SubjQA 是一个专注于主观（而非事实）问题和答案的问答数据集。该数据集包含大约 10,000 个问题，涵盖 6 个不同领域的评论：书籍、电影、杂货、电子产品、TripAdvisor（即酒店）和餐厅。每个问题都与一个评论配对，并有一个答案片段被高亮显示（有些问题可能没有答案）。此外，问题和答案片段都由标注者分配了一个主观性标签。例如，“这个产品有多重？”是一个事实性问题（即低主观性），而“这个容易使用吗？”是一个主观性问题（即高主观性）。

简而言之，SubjQA 提供了一个环境，用于研究抽取式问答系统在寻找非事实性答案时的表现，以及建模主观性如何提高问答系统的性能。

支持的任务和排行榜

question-answering：该数据集可用于训练抽取式问答模型，涉及的问题答案可以在评论中被识别为一个文本片段。该任务的成功通常通过实现高精确匹配或 F1 分数来衡量。

语言

数据集中的文本为英语，关联的 BCP-47 代码为 en。

数据集结构

数据实例

以下是来自 books 领域的一个示例：

json { "answers": { "ans_subj_score": [1.0], "answer_start": [324], "answer_subj_level": [2], "is_ans_subjective": [true], "text": ["This is a wonderfully written book"], }, "context": "While I would not recommend this book to a young reader due to a couple pretty explicate scenes I would recommend it to any adult who just loves a good book. Once I started reading it I could not put it down.
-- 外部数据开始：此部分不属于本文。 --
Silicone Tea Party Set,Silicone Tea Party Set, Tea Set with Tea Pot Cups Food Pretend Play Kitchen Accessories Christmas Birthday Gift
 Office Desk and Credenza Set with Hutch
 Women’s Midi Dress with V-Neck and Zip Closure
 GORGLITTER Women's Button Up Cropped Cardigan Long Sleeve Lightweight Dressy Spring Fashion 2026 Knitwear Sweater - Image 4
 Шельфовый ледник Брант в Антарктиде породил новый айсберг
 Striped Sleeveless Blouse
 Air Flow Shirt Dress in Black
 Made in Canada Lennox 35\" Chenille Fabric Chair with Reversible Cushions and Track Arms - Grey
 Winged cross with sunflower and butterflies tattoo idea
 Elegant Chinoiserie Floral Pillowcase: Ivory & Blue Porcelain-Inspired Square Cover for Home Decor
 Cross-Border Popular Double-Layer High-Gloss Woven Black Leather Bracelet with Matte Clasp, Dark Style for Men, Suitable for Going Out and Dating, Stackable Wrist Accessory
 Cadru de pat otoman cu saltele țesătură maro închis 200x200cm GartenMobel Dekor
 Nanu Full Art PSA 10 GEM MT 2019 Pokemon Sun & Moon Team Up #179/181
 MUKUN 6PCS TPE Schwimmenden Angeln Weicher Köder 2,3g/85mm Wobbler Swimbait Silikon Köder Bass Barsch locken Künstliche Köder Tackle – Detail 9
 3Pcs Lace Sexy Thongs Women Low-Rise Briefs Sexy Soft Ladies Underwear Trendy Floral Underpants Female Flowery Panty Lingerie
I hesitated reading it because I didnt think that the subject matter would be interesting, but I was so wrong. This is a wonderfully written book.", "domain": "books", "id": "0255768496a256c5ed7caed9d4e47e4c", "is_ques_subjective": false, "nn_asp": "matter", "nn_mod": "interesting", "q_reviews_id": "a907837bafe847039c8da374a144bff9", "query_asp": "part", "query_mod": "fascinating", "ques_subj_score": 0.0, "question": "What are the parts like?", "question_subj_level": 2, "review_id": "a7f1a2503eac2580a0ebbc1d24fffca1", "title": "0002007770", }

数据字段

每个领域和拆分包含以下列：

title：评论中讨论的商品/业务的ID。
question：基于查询意见编写的问题。
id：分配给问题-评论对的唯一ID。
q_reviews_id：分配给共享相同问题的所有问题-评论对的唯一ID。
question_subj_level：问题的主观性级别（1到5级，1级最主观）。
ques_subj_score：使用 TextBlob 包计算的问题的主观性分数。
context：评论（提及邻近意见）。
review_id：与评论关联的唯一ID。
answers.text：标注者标记为答案的文本片段。
answers.answer_start：标注者高亮显示的答案片段的起始索引（字符级别）。
is_ques_subjective：从 question_subj_level 派生的布尔主观性标签（即分数低于4被认为是主观的）。
answers.answer_subj_level：答案片段的主观性级别（1到5级，1级最主观）。
answers.ans_subj_score：使用 TextBlob 包计算的答案片段的主观性分数。
answers.is_ans_subjective：从 answer_subj_level 派生的布尔主观性标签（即分数低于4被认为是主观的）。
domain：评论的类别/领域（例如，酒店、书籍等）。
nn_mod：邻近意见的修饰词（出现在评论中）。
nn_asp：邻近意见的方面（出现在评论中）。
query_mod：查询意见的修饰词（围绕该意见手动编写问题）。
query_asp：查询意见的方面（围绕该意见手动编写问题）。

数据拆分

每个领域的问题-评论对被拆分为训练、开发和测试集。下表显示了每个领域和拆分的数据集大小。

领域	训练	开发	测试	总计
TripAdvisor	1165	230	512	1686
Restaurants	1400	267	266	1683
Movies	1369	261	291	1677
Books	1314	256	345	1668
Electronics	1295	255	358	1659
Grocery	1124	218	591	1725

基于标注者提供的主观性标签，数据集中73%的问题和74%的答案是主观的。这提供了大量主观问答对，以及合理数量的事实性问题，以便比较和对比问答系统在每种类型问答对上的性能。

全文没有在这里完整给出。